▸ What this task involves:
Copy out each entry below verbatim, skipping the images.

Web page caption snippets
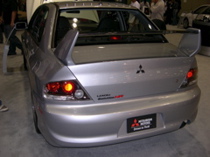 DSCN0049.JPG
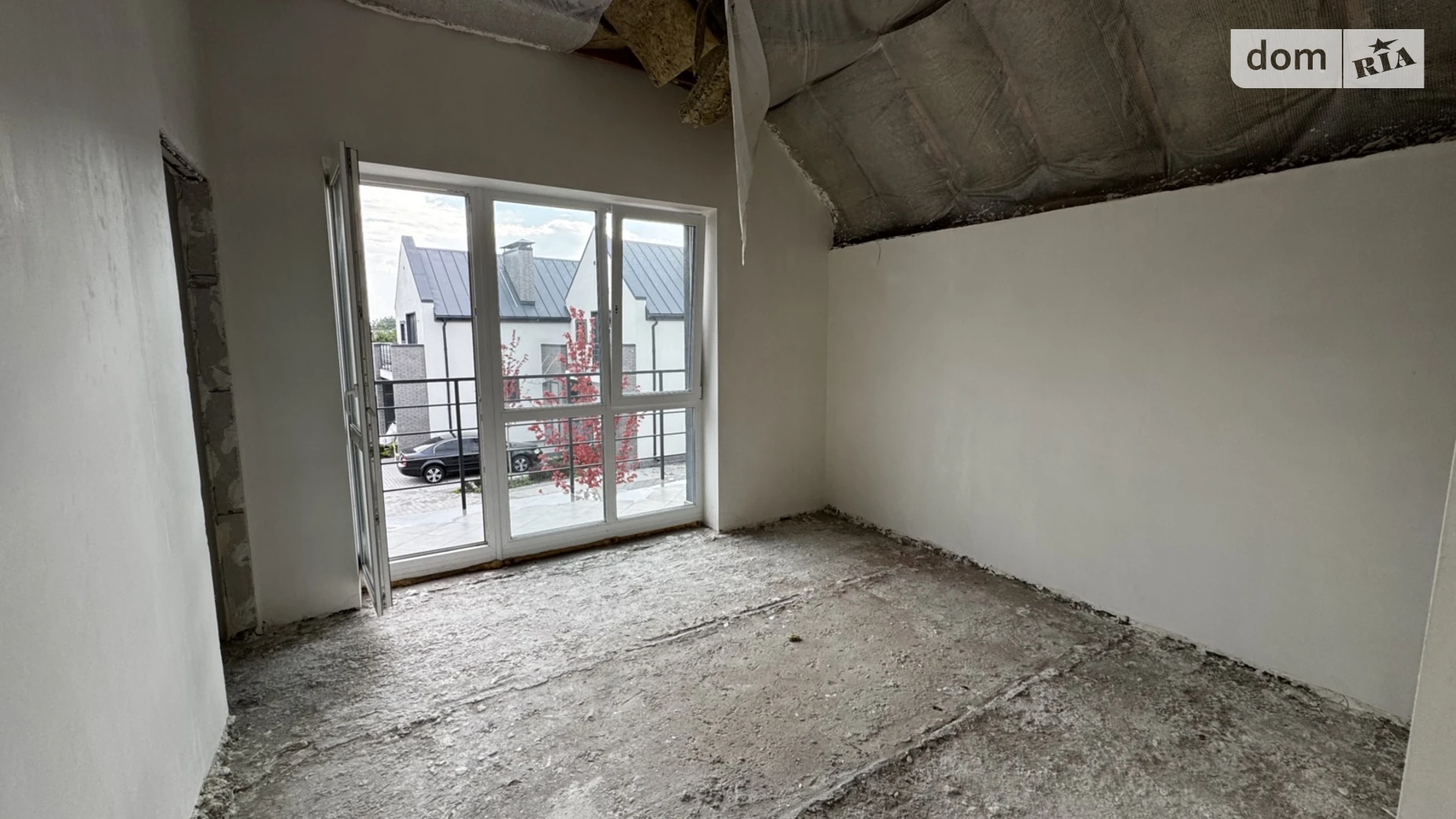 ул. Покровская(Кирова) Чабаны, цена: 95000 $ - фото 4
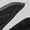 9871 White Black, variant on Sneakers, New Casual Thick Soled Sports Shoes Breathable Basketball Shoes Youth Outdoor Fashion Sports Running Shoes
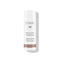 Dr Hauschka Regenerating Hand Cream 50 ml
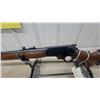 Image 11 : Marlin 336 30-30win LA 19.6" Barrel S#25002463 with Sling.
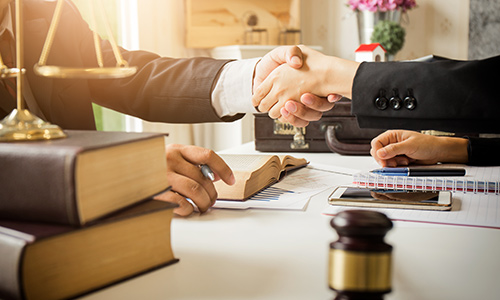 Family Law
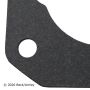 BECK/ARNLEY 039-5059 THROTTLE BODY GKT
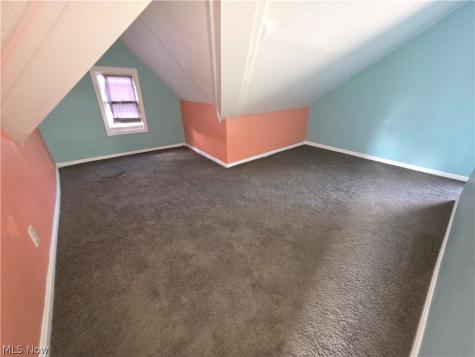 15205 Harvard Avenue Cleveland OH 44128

▸ Solution to this exercise:
 DSCN0049.JPG
 ул. Покровская(Кирова) Чабаны, цена: 95000 $ - фото 4
 9871 White Black, variant on Sneakers, New Casual Thick Soled Sports Shoes Breathable Basketball Shoes Youth Outdoor Fashion Sports Running Shoes
 Dr Hauschka Regenerating Hand Cream 50 ml
 Image 11 : Marlin 336 30-30win LA 19.6" Barrel S#25002463 with Sling.
 Family Law
 BECK/ARNLEY 039-5059 THROTTLE BODY GKT
 15205 Harvard Avenue Cleveland OH 44128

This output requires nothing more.